What we have assumed for a few weeks is now coming to fruition. And it’s not fun. According to multiple reports, the NHL and the NHLPA have agreed to pull its players from participating in the upcoming 2022 Beijing Winter Olympics. The news is expected to become official this week, potentially as early as today.
No surprise, but #NHL + #NHLPA are in agreement that NHL players will not participate in #Beijing2022 Olympics. Once they notify IOC, an official announcement will come – perhaps as soon as today, maybe later this week.
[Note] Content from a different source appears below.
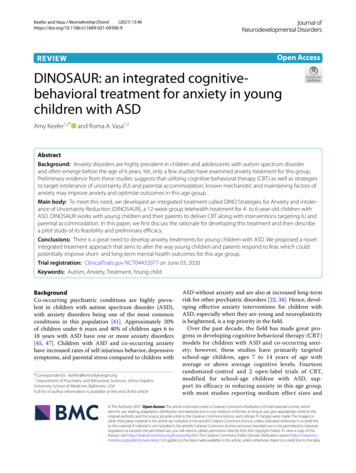 DINOSAUR: An Integrated Cognitive-behavioral Treatment For .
Now, question is: Will 2022 Olympics be postponed to 2023? https://t.co/8aR0aKmqNl
— Frank Seravalli (@frank_seravalli) December 21, 2021
The NHL has seen a massive spike in COVID cases around the league. Over 100 players, coaches, and team staff members have been placed in COVID protocols in the past week. Nearly one-third of NHL teams had been shut down by the league through the Christmas holiday break, postponing nearly 50 scheduled games. It prompted the league to initiate a pause of all NHL activities for all 32 teams through the Christmas holiday break, with the hopes of resuming the schedule on December 27 as normal. Or, as normal as possible.
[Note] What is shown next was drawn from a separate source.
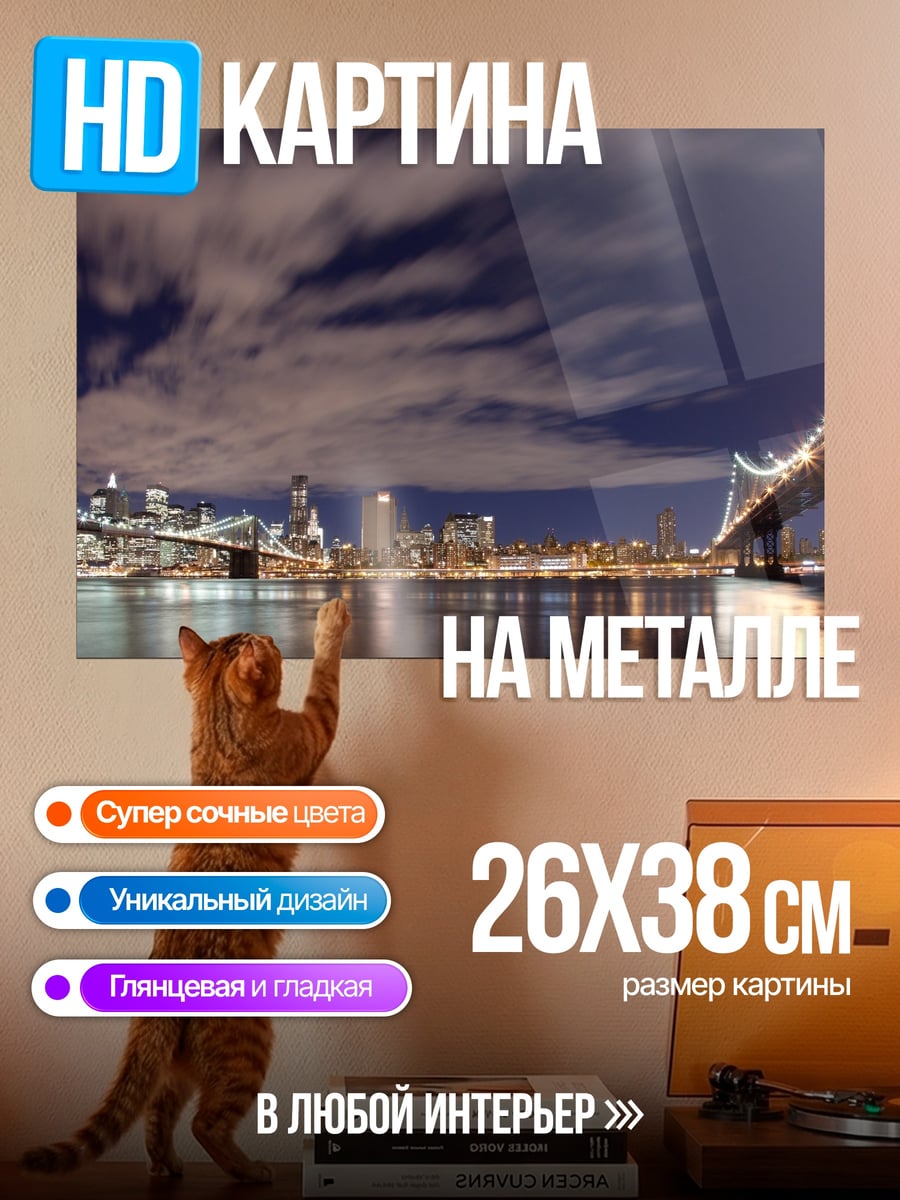 Картина на металле Ночной город мосты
Sources confirm the February break in the #NHL schedule, originally for the Olympics, will now be used to play make up games for all games taken off the board.
— Andy Strickland (@andystrickland) December 21, 2021
NHL players were the ones who pushed hard to get the league to agree to send them back to the Olympics in 2022 after missing the tournament for the 2018 Winter Olympics. NHL Commissioner Gary Bettman, as the league dealt with the rising COVID cases over the past month, continued to say that the decision to go to the Olympics or not rested with the players themselves.
The major reason the players likely do not want to go to the 2022 Winter Olympics in Beijing, China, is not for fear of getting COVID, but rather what testing positive would mean for them in China. According to the Olympics COVID protocols, if an athlete tests positive for COVID while in China, they could be subjected to a five-week quarantine period. That would mean if, for example, a player were to test positive at the end of the Olympics (February 18, 19, 20) they could then be stuck in China until the third week of March. It would mean missing five weeks of pay for that NHL players and being away from the team and their families for that long as well.
I, for one, would hate that.
As of now, the NHL plans to have the All-Star weekend festivities in Las Vegas go-on as normal. But with everything happening right now, the popular term is that things are “fluid” with the league and their schedule.